When a tumor and about a centimeter of surrounding tissue is removed, a clear fluid called "seroma" usually fills the space naturally after the surgery, and is eventually replaced by scar tissue. (Very rarely, seromas continue to recur and have to be drained occasionally by a doctor.) If the tumor is large enough to be more than a quarter of the size of the whole breast, surgeons will usually recommend mastectomy instead. Both procedures are often combined with removal of some of the underarm lymph nodes, which are often the first place breast cancer spreads to.

The surgery itself is relatively brief and can be done in an outpatient clinic, although the patient would probably have to return to have the sutures removed later. The radiation therapy would be done over the next five or six weeks after the procedure. The breast is often a little different in shape than it was previously; there are padded shells available to fit inside a bra and balance out the difference from the other breast.

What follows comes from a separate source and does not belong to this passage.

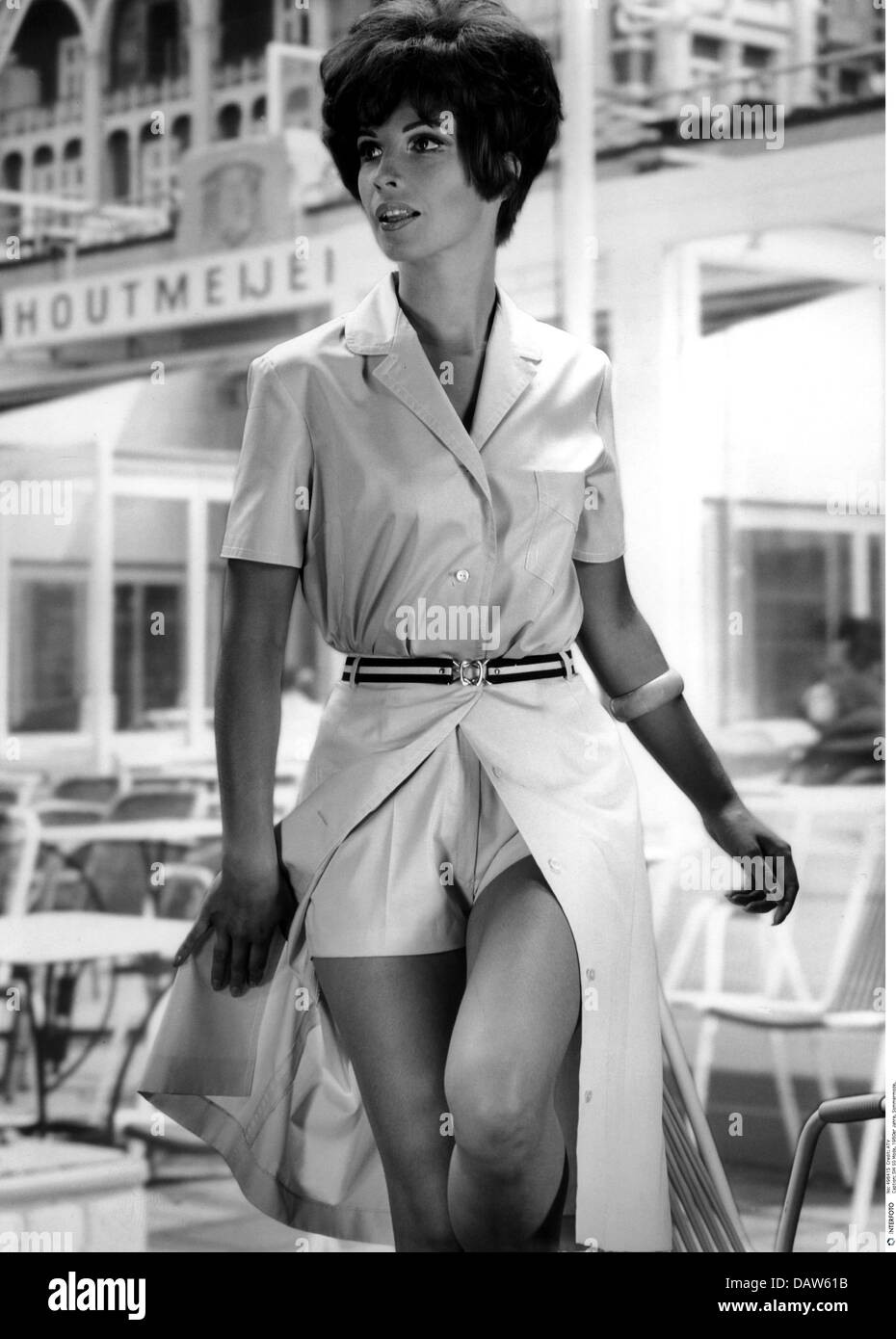 fashion, 1960s, summer collection, model is wearing two-parter, shirt blouse dress and shorts, half length, late 1960s, , Additional-Rights-Clearences-Not Available Stock Photo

Lumpectomies have become a lot more common since the mid-1980s when studies showed that it gave the same chance of survival as mastectomies for small or localized cancer. In fact, a biopsy is often effectively a lumpectomy if cancer is strongly suspected, since the suspected cancer can be removed for the purpose of testing it. The body shape and sex life are usually less disturbed by a lumpectomy, although studies seem to show that people with breast cancer have the same psychological issues to deal with no matter which type of removal is done. The decision is generally left to the patient these days.

Though lumpectomy was uncommon for a long time, the first known successful breast cancer cure by surgery was what would now be called a lumpectomy. In 1697, Dutch physician Adrian Helvetius published "Letter on the Nature and Cure of Cancer," describing the case of a forty-eight-year-old Englishwoman he had treated. He had recommended surgery the first time he examined her, but she was too scared and tried many other supposed remedies over a six-month period, while the growth in her breast grew from the size of a walnut to the size of a fist. Finally she agreed to the surgery, which went "without great pain, without cries, without the appearance of weakness, without the slightest danger, without spilling more than two palettes of blood, with ease, facility, and promptness." All that was removed was the hardened mass, but apparently the woman's scar healed and her health went back to normal.

Yalom, Marilyn. A History of the Breast. New York: Alfred A. Knopf, 1997.